Although there are ways of creating interoperability of applications through "Enterprise Application Interfacing" (EAI) more often than not the nature of defence security requirements makes that really hard to achieve. It is not always possible to just open up the corporate firewall to an organization's supply chain and allow access to the crown jewels over the internet. And even if you could, every application is different and therefore interfaces would constantly require updating just to avoid things breaking. So a more intelligent way to achieve that is to limit the information to that which is required to provide digital thread and share that centrally in a secure "Data Ocean".

This Data Ocean provides the ability to not only make sure there is Digital Thread across the organisations enterprise applications but also across the applications in the organisation's supply chain. That makes the value proposition far more compelling as it provides a supply chain ecosystem where data is dynamic and immediately accessible.

So when the faulty part I referred to is updated with a new part number in the In-service-support PLM system, that record is instantly updated in the data ocean which is then instantly accessible to any other system across the supply chain of that class of ship and potentially others where ship systems overlap. That's Digital Thread. As you can see from the diagram below, if a part number is changed in the operational / maintenance PLM system of a vessel / class, that change can then be reflected across all associated systems within the supply chain of that ship class through the Data Ocean of the Digital Thread.

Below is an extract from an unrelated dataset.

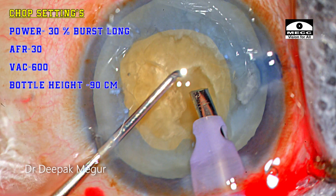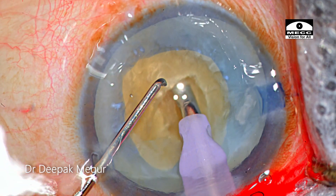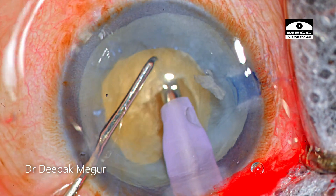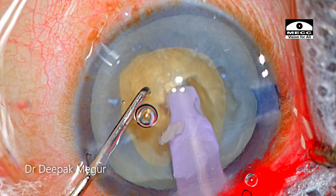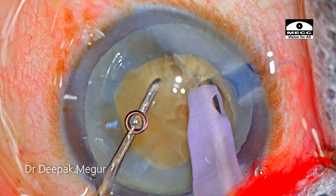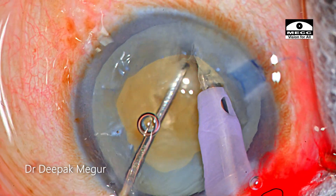When going for the chop settings, the power is changed to longitudinal and it's in burst mode. Once I know the depth of the tip is quite adequate, I give a short burst of phaco energy to bury my tip as deep as I can — the entire tip up to the sleeve needs to be buried to get a firm grip on the nucleus. Then the sharp chopper just goes down and makes a lateral movement, giving us the first crack.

The role of Digital Thread becomes even more valuable when integrated into a Supply Chain Tower (SCT). This relatively new concept leverages the power of Artificial Intelligence and Machine Learning to amplify the power of intra and inter industry supply chain ecosystems. Lets look at an example:

Your SCT identifies that you are procuring a large quantity of stainless steel bolts which accounts for 7% or your current spend. Without being prompted it traverses other supply chain networks and identifies that there are twelve other in-country manufacturers of the same sized bolts (form and fit). It then determines that three of those manufacturers sell the bolts for as much as 23% cheaper than what you are buying them for. It then actively researches those three manufacturers using a number of resources including social media, information from industry bodies and search engines. The research identifies that one of those manufacturers has a bad safety record however the other two come up green. Without you even realising what your SCT was doing it sends you a report suggesting that if you use one of those two manufacturers as an alternative to the one you are currently using you could save up to 3.4 million dollars over the life of your shipbuilding program. If your Digital Thread is integrated into your SCT then the world is truly your oyster. It could undertake intelligent learning and advise on valuable initiatives such as co-op approaches to parts procurement where a number of organisations procuring the same parts could save millions of dollars through bulk purchasing.

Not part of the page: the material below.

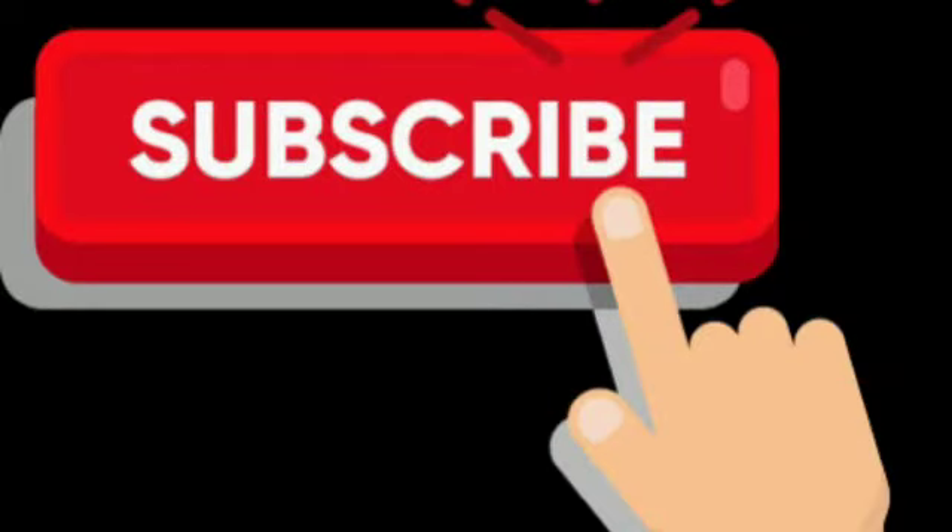Please like, share, and comment. Subscribe to my channel. Thank you so much for watching — bye!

So the value of Digital Thread isn't just in the thread itself. It is the value that can be extracted from the accessibility of information across an enterprise and its supply chain. This value isn't just measured by saving dollars, it is also measured by the quality of the end product and in some circumstances the potential to save lives. Who knows, if there was a digital thread across the Leaf class program (HMAS Westralia) maybe the wrong fuel hose would have never been fitted and there would have never been a fire. Unfortunately the technology was not as advanced back then but it is now. So shipbuilding organisations and ship owners can now consciously choose to introduce significantly more efficiency, effectivity, quality and safety into the platforms they build and own. There is now no reason complex programs should mobilise without addressing Digital Thread.